▸ Task instructions: A faithful transcript of all the lines below, with no pictures, is the goal here.

▸ Recorded information:
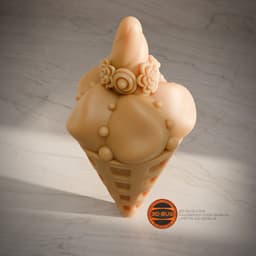 Waffle cone in unicorn style 3d model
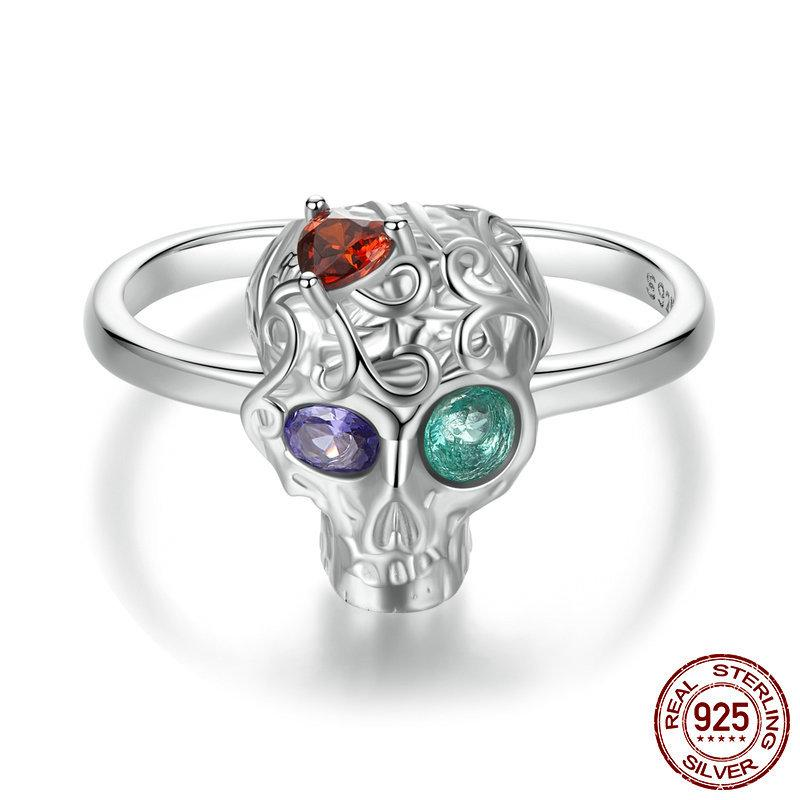S925 Sterling Silver Open Ring with Halloween-Patterned Skull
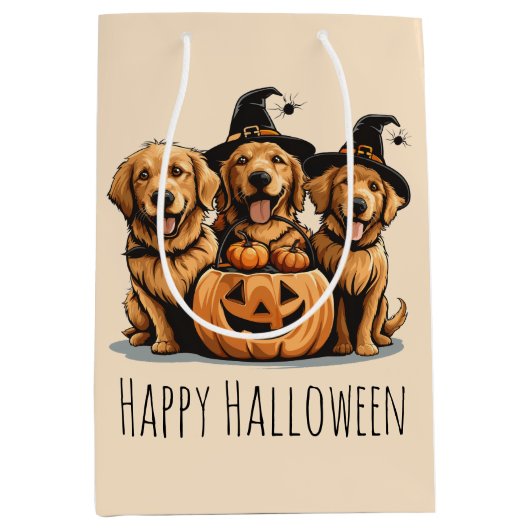 Sac Cadeau Moyen Halloween Golden Retriever Dogs Jack O Lantern (Devant)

▸ Reply to the exercise:
 Waffle cone in unicorn style 3d model
S925 Sterling Silver Open Ring with Halloween-Patterned Skull
 Sac Cadeau Moyen Halloween Golden Retriever Dogs Jack O Lantern (Devant)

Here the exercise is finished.